── DATASET EXTRACT

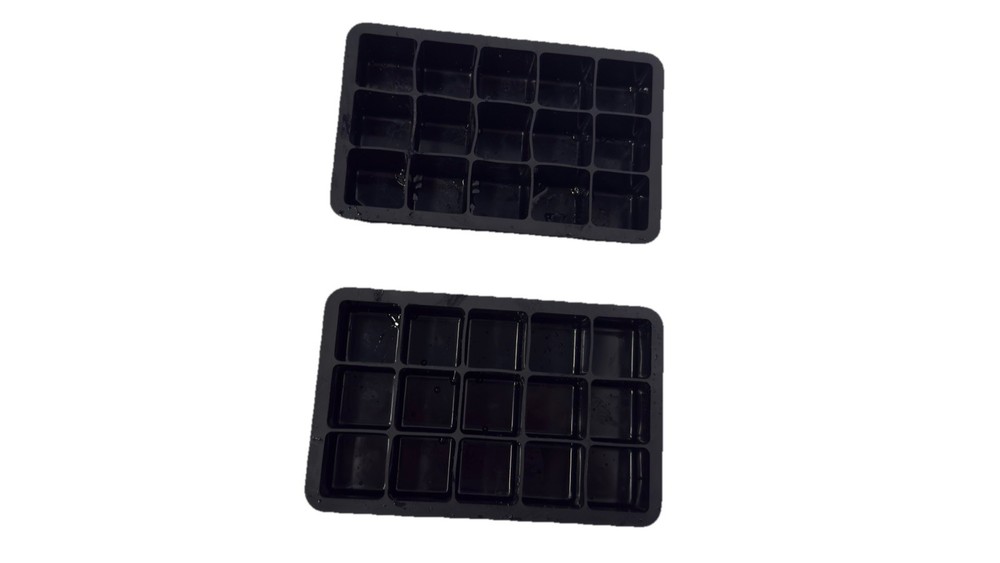 Silicone Ice Cube Trays 2 Pack Black Large Square Molds With Lids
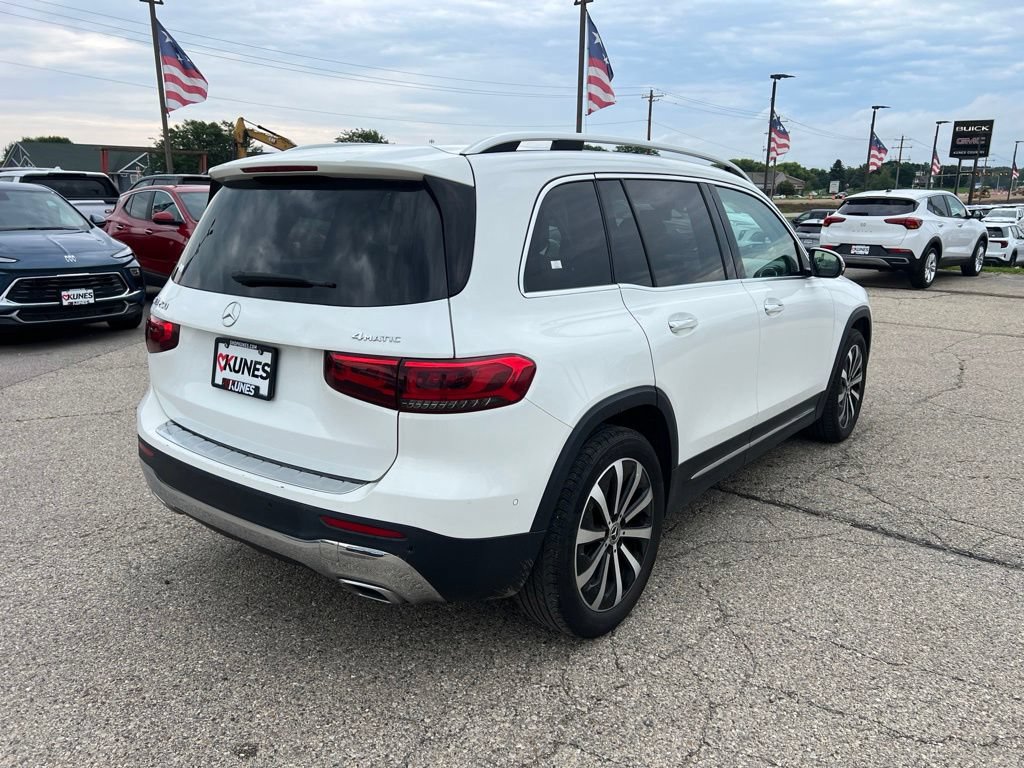 Used 2023 Mercedes-Benz GLB 250 4MATIC w/ Premium Package image 10
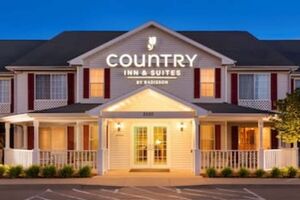 Picture of Country Inn &  Suites by Radisson Nevada, MO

────

## REQUIREMENT:
Copy verbatim the span that opens at the line with "Used 2023 Mercedes-Benz" and closes at the final line of the listing. Do not carry over any pictures.

## RESPONSE FOR THIS EXERCISE:
 Used 2023 Mercedes-Benz GLB 250 4MATIC w/ Premium Package image 10
 Picture of Country Inn &  Suites by Radisson Nevada, MO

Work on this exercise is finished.